As considerações que acabamos de apresentar demonstram que a verdade religiosa merece nosso mais elevado respeito e nossa mais diligente investigação. Aquele que negligencia essas reivindicações da verdade religiosa está agindo contrariamente à sua própria natureza e está se degradando até ao nível dos animais. Todavia, que homens costumam degradar-se desse modo é um fato que um correto ponto de vista da verdade religiosa não pode ignorar: “O boi conhece o seu possuidor, e o jumento o dono da sua manjedoura; mas Israel não tem conhecimento, o meu povo não entende” (ls 1.3). Trata-se de uma glória peculiar e de uma excelente característica da revelação cristã o fato de que ela foi adaptada a essa condição decaída da humanidade e que tem o poder de efetuar a sua restauração. É medicamento para o enfermo, assim como alimento verdade religiosa para o indivíduo saudável. Um apetite saudável clama por alimento nutritivo, e o alimento, quando recebido, administra a nutrição que se faz necessária. Desse modo, a adaptação é recíproca. Entretanto, nos estados doentios, o estômago repele os alimentos e rejeita os medicamentos de que precisa para ser curado. Contudo, a adaptação do remédio para a condição do enfermo nunca deixa de ser um fato. Outro tanto sucede no caso do evangelho de Cristo. Embora rejeitado pelos homens, o evangelho é “digno de inteira aceitação”, porque ele é um medicamento admiravelmente adaptado à nossa condição de depravação. Milhares e milhares que têm experimentado o poder restaurador do evangelho se unem, recomendando sua eficácia às multidões que não se dispõem ao menos a examiná-lo. Ao considerarmos as verdades da religião, podemos apreciá-las de vários ângulos. Podemos considerá-las provenientes de Deus, ou demonstradas por provas abundantes, ou harmônicas entre si, ou tendentes à glória de Deus. É interessante e instrutivo ver tais verdades no seu contato imediato com o coração humano, e, à semelhança do Espírito de Deus pairando por sobre o caos original, produzindo ordem onde havia confusão, e infundindo luz e vida onde previamente reinavam as trevas e a morte. Ao exercer esse poder de criar vida nova, aparece a origem divina das verdades cristãs, e essa demonstração torna-se tanto mais satisfatória por ser prática, ao alcance da capacidade de todos os homens.

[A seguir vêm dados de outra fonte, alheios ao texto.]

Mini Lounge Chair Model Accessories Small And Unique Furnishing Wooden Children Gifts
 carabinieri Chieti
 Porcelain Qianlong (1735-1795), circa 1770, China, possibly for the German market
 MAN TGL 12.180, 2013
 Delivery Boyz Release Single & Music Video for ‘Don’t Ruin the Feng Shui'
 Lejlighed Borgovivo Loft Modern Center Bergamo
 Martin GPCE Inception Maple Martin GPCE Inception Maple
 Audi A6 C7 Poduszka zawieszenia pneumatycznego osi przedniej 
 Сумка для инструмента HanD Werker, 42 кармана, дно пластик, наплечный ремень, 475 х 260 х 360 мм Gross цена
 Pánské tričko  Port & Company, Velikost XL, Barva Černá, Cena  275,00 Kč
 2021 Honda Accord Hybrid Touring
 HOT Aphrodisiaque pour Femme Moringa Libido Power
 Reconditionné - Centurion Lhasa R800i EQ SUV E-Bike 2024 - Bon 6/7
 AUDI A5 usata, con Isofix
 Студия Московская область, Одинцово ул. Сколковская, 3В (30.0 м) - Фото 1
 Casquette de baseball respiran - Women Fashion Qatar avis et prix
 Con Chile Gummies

Na qualidade de seres religiosos, procuremos compreender as verdades da religião. Na qualidade de seres dotados de imortalidade, esforcemo-nos por nos familiarizar com a doutrina da qual depende a nossa felicidade eterna. Tenhamos o cuidado para não aceitar essa verdade com um frio entendimento, mas de tal maneira que o seu poder renovador jamais cesse de atuar em nossos corações.